> _Available data_:
·····

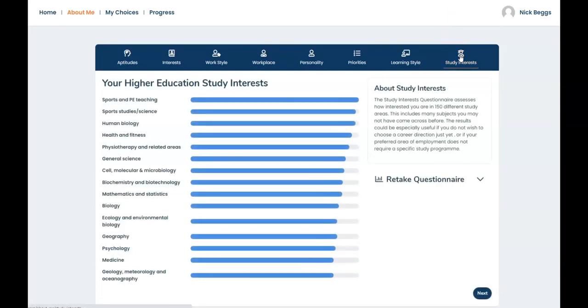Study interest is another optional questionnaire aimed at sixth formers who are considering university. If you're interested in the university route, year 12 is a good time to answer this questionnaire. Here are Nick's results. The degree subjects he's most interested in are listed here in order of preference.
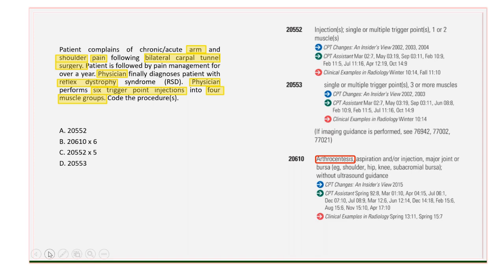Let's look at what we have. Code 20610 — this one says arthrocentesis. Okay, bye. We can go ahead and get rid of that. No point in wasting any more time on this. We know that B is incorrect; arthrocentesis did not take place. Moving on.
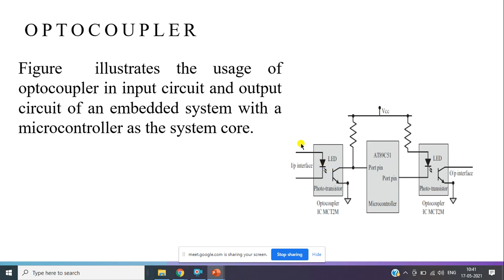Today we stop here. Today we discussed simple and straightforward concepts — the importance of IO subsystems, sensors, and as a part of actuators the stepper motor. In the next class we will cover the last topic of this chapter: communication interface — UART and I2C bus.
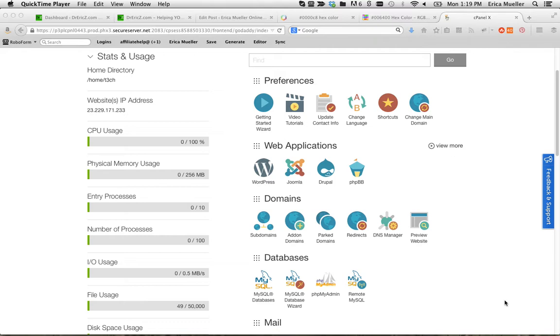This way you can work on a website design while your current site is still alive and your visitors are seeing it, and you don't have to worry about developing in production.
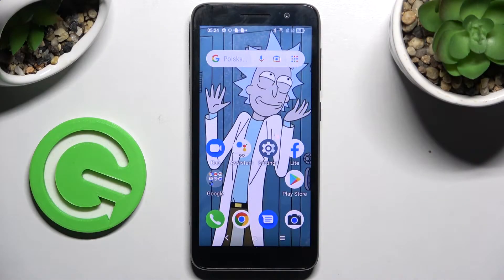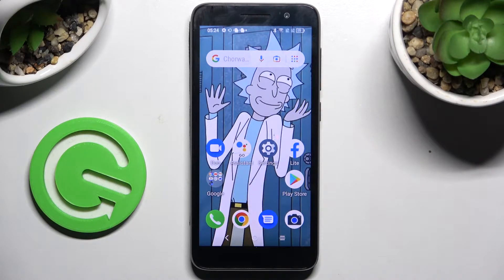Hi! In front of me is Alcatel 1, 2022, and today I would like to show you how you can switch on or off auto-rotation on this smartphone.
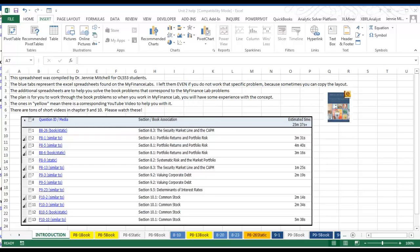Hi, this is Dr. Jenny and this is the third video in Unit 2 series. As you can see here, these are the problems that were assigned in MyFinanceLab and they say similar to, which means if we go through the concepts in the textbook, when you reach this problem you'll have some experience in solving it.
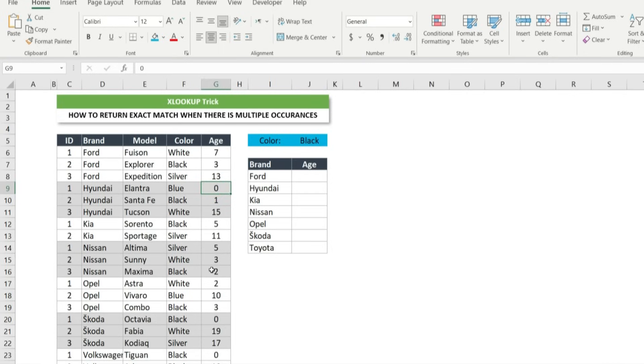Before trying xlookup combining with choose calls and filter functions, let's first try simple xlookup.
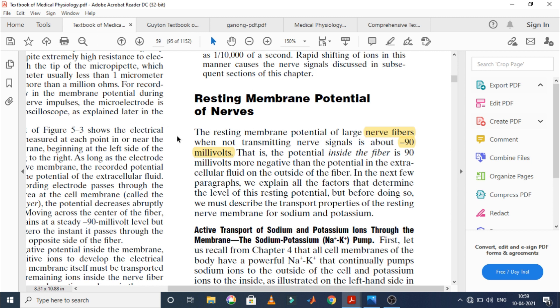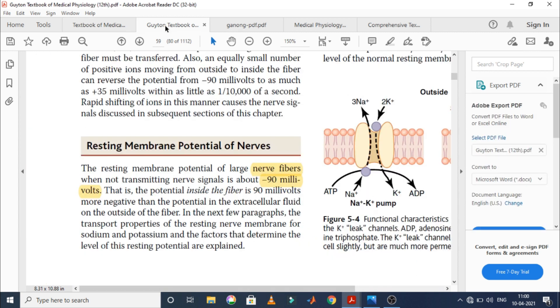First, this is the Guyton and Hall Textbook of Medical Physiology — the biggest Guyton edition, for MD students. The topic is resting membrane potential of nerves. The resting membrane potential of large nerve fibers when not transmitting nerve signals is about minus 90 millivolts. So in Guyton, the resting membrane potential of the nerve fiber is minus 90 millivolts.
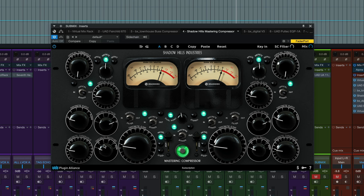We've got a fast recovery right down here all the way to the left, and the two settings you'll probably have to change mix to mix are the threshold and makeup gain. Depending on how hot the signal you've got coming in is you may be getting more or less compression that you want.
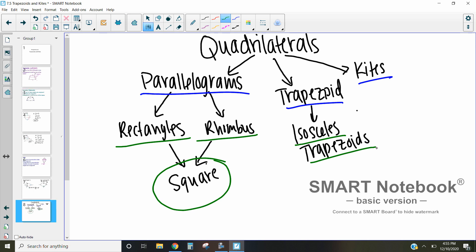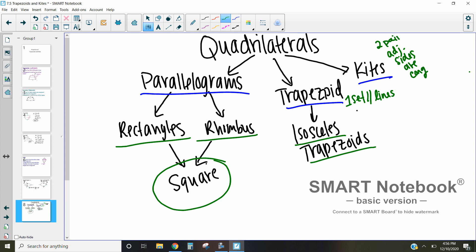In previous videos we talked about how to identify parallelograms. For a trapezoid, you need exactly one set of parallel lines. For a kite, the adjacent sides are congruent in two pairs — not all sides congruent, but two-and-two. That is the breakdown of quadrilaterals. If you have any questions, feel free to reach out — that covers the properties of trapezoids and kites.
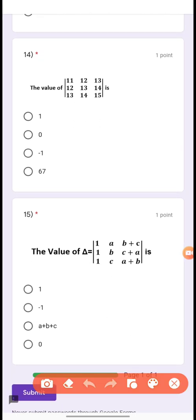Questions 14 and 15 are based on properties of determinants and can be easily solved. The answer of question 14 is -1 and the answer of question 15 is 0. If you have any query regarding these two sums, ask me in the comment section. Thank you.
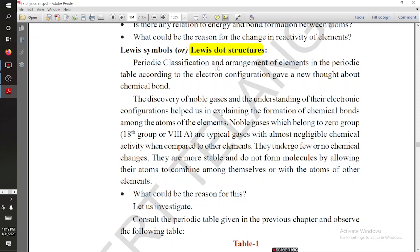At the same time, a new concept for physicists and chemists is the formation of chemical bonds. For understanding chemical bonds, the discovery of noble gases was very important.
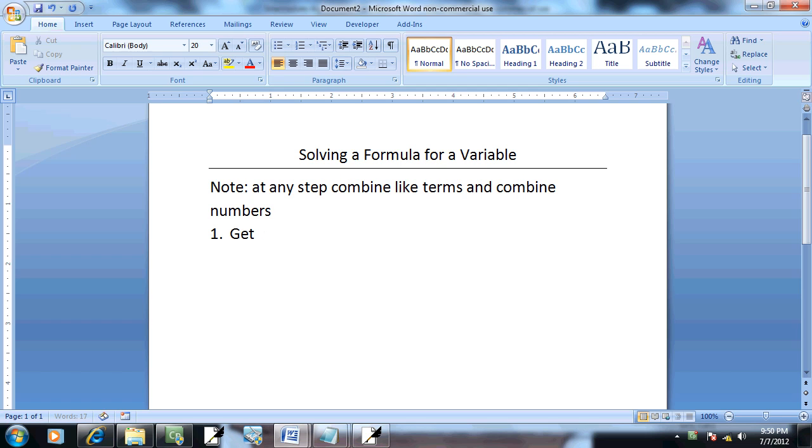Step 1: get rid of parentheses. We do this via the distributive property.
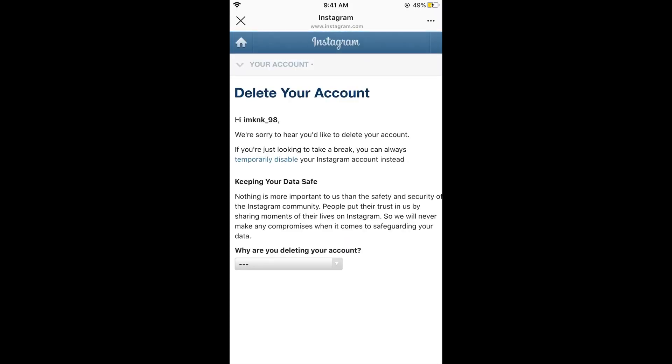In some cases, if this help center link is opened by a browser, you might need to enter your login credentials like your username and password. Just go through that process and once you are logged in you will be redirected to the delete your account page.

·····

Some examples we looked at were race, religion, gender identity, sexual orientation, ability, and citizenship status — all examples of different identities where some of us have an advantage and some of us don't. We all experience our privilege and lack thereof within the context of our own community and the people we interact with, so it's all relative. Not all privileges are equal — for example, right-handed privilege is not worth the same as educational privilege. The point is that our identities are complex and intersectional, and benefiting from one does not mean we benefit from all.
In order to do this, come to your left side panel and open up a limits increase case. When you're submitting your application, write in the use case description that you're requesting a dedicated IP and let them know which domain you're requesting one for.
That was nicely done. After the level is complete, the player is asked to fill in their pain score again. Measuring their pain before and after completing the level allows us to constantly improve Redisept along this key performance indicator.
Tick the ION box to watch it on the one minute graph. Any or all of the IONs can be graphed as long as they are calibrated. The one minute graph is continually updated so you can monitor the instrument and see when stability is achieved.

·····

> _Exercise description_: Write out again exactly the lines above from the one with "Step 1: get" through the one with "In some cases, if", adding no other lines and no pictures.

> _Your solution_:
Step 1: get rid of parentheses. We do this via the distributive property.
In some cases, if this help center link is opened by a browser, you might need to enter your login credentials like your username and password. Just go through that process and once you are logged in you will be redirected to the delete your account page.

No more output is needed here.